(Dataset section)

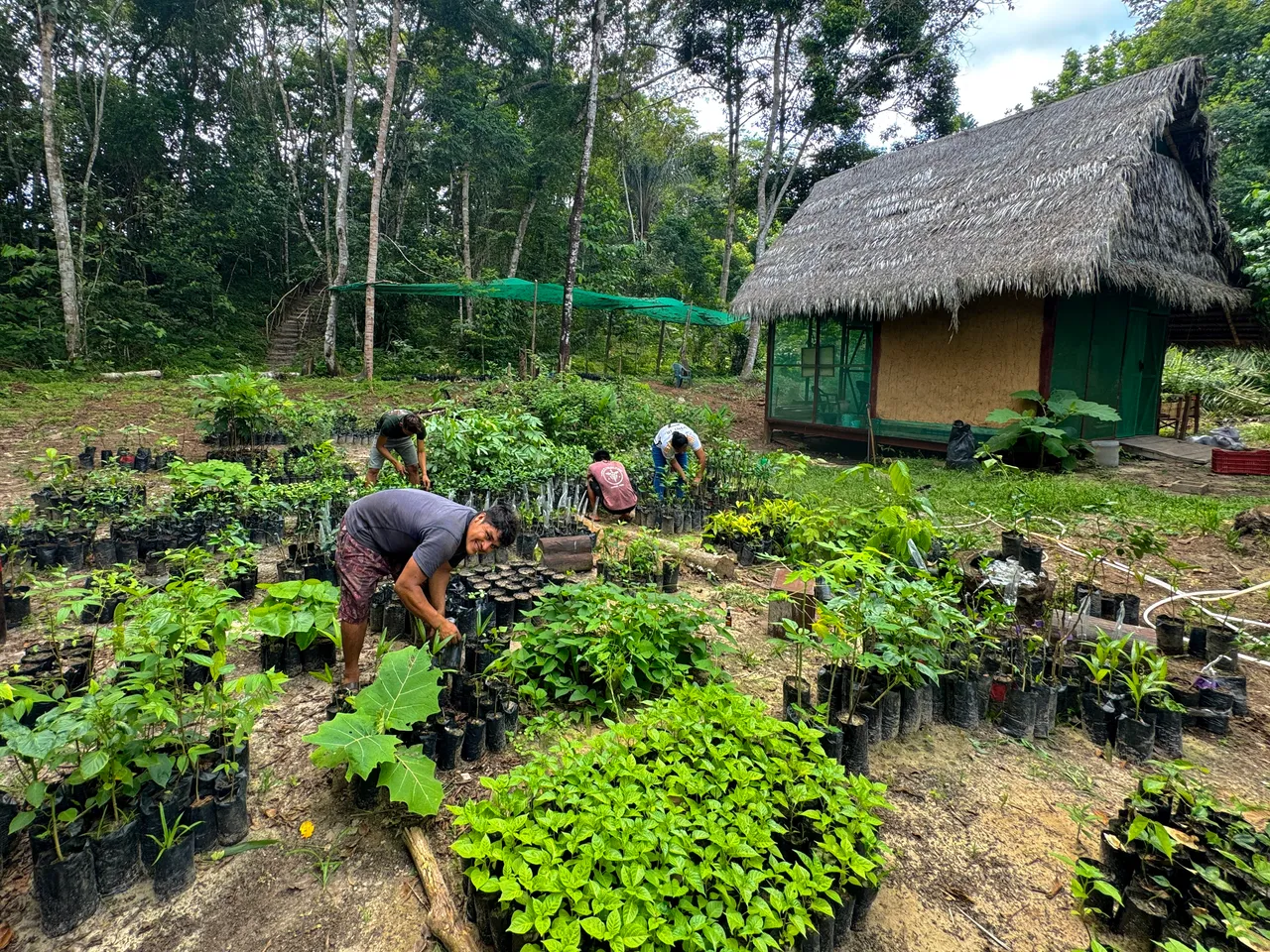 Living Chacras: Regenerating Land and Learning in the Peruvian Amazon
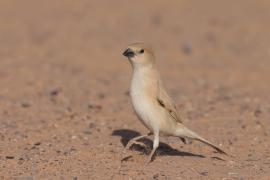 Wróbel pustynny - Passer simplex - Desert Sparrow
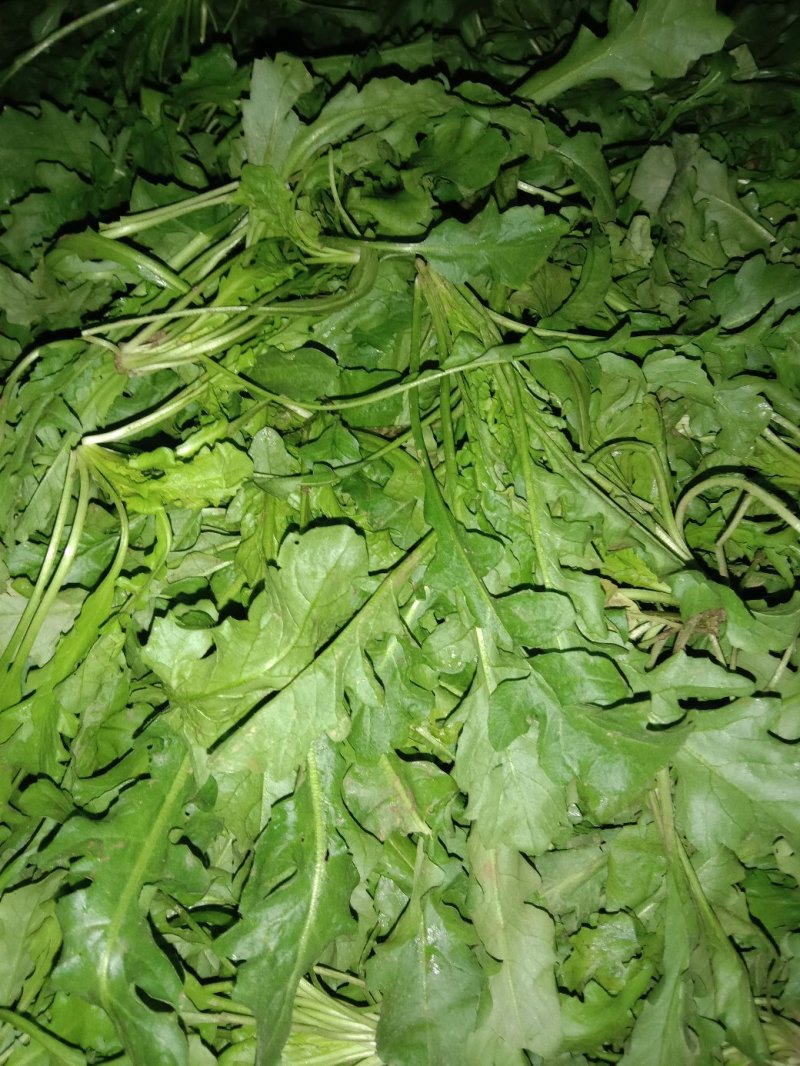 荠菜多年种植基地，大量供应加工厂和商超，批发市场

(End Dataset section)

About this exercise:
Write the listing out exactly, word for word, but omit the pictures.

Written reply:
 Living Chacras: Regenerating Land and Learning in the Peruvian Amazon
 Wróbel pustynny - Passer simplex - Desert Sparrow
 荠菜多年种植基地，大量供应加工厂和商超，批发市场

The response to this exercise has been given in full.